I’m pretty new at Python, so I don’t entirely understand the use of codecs here, so I threw that away and used a simple file handle (with the advantage that I could at one point in my hacking around read extra lines if I wanted, but that turned out to be a less than useful way of doing it). My regexes are also slightly different, but I’m not entirely sure if it’s the “Pythonic” way to do it or not.
import sys, re
tree = {}
def parse(line):
# setup static variables
if 'person' not in parse.__dict__:
parse.person = {}
if 'parent' not in parse.__dict__:
parse.parent = None
m = re.match('^(\d+) (?:@(\w+)@ )?(\w+)(?: )?(.+)?$', line)
if m != None:
layer, id, type, data = m.group(1,2,3,4)
# individual records
if type == 'INDI':
# new individual
if 'id' in parse.person:
tree[parse.person['id']] = parse.person
parse.person = {}
parse.parent = None
parse.person['id'] = id
elif type == 'NAME':
parse.person['name'] = data
### SNIP
# open the file and read it line by line
with open(sys.argv[1], 'r') as ged:
for line in ged:
parse(line.strip())
print tree
In the interests of being terse, I’ve cut out a lot of the code to paste it here - most of it is simply about detecting record types and storing data accordingly. parse.parent is used to store the previous record type for things like BIRT and MARR records, which can both have child entries like DATE and PLAC. This approach is, of course, not particularly tolerant of malformed databases.

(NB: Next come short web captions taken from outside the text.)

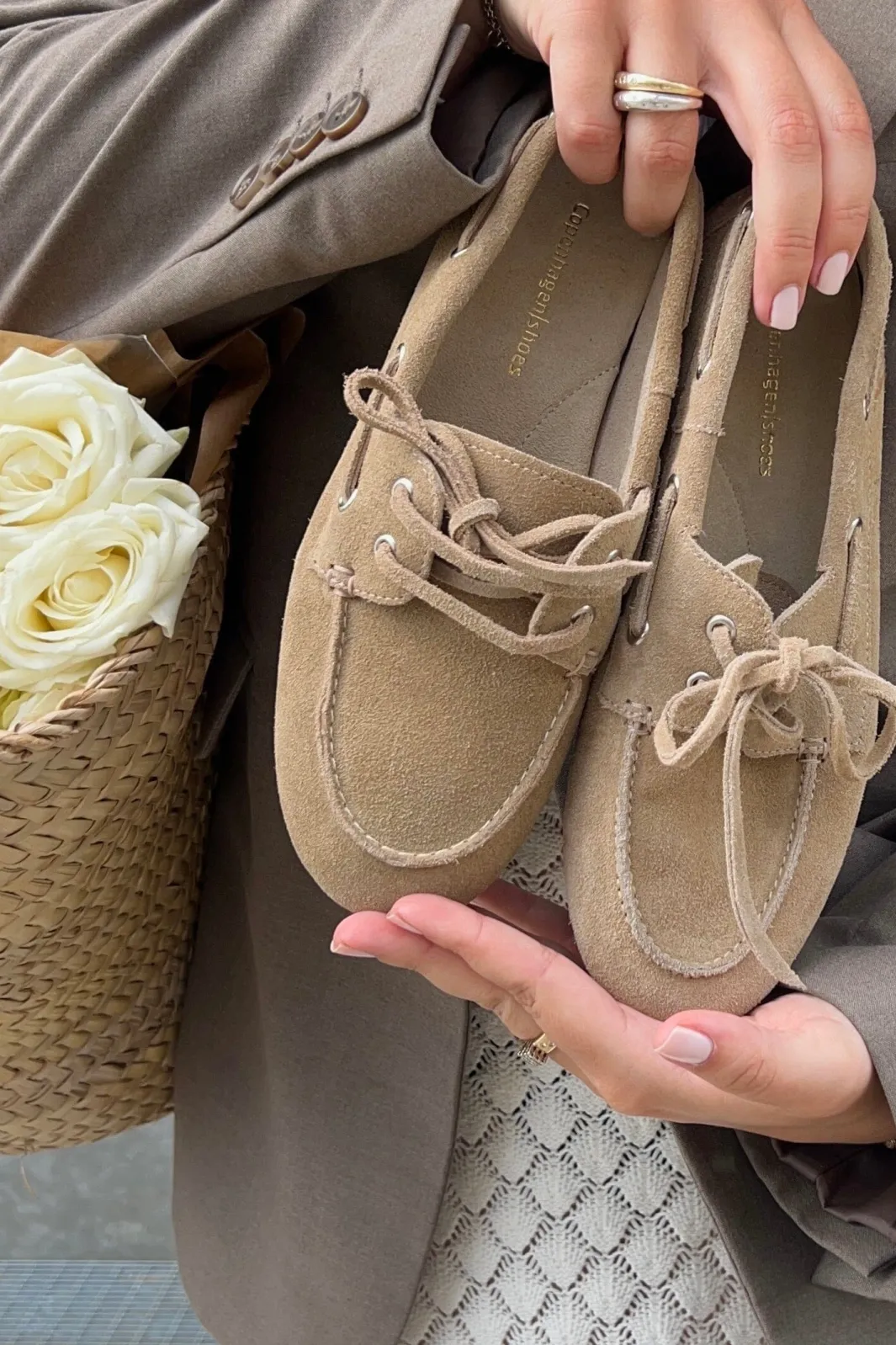 Copenhagen Shoes Cssavannah Suede CS8631 | Loafers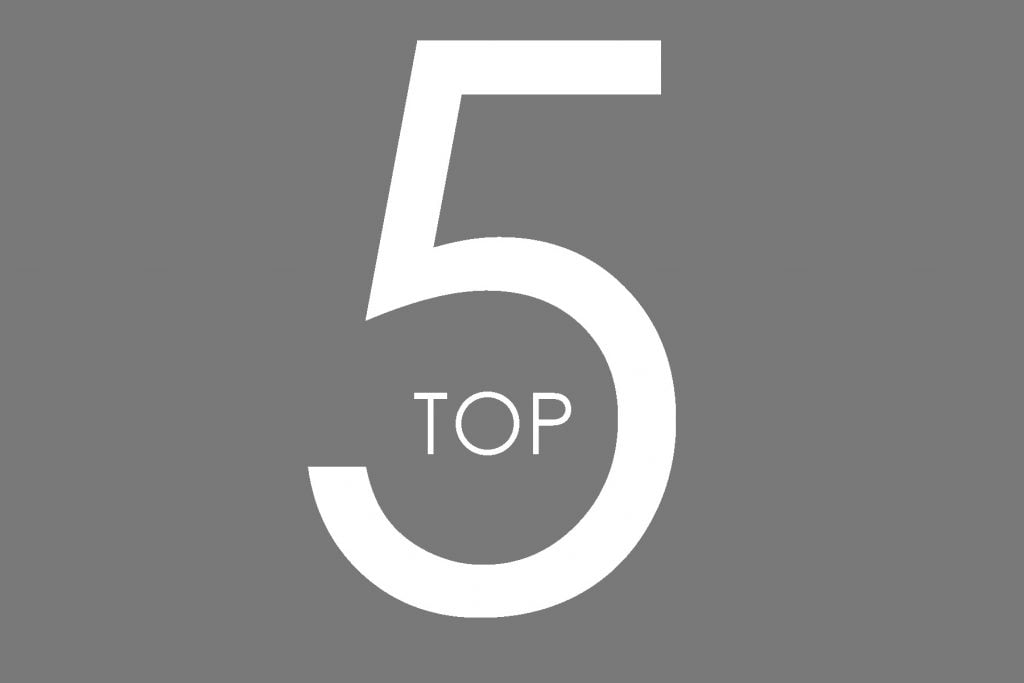 Top 5 Tax Tips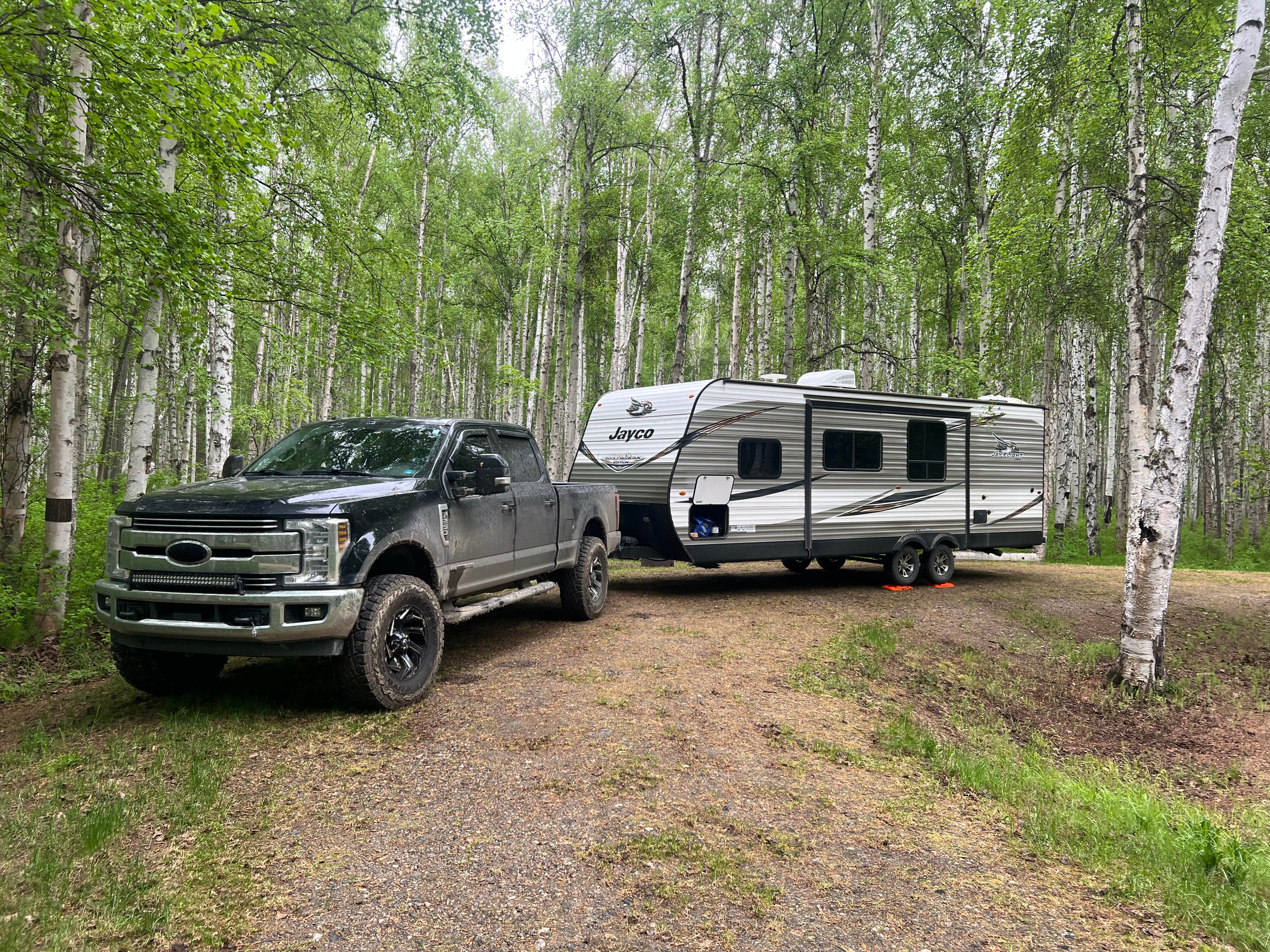 Camper-submitted photo at Chena Lake Recreation Area near Eielson AFB, AK
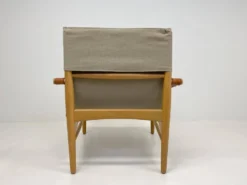 Fauteuil Lounge Mid-Century Hans Olsen ”Gazelle”, Suède années 1960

There’s probably far easier ways to deal with the data than I am doing, but again - I don’t actually know what I want to do with the data once I’ve parsed it. I do know that I would like to store it in either a properly linked format where one record links directly to another, instead of having a seperate index of relationships. Once I solve the problem of knowing what I want to do with it, I’ll likely post the whole thing on Github.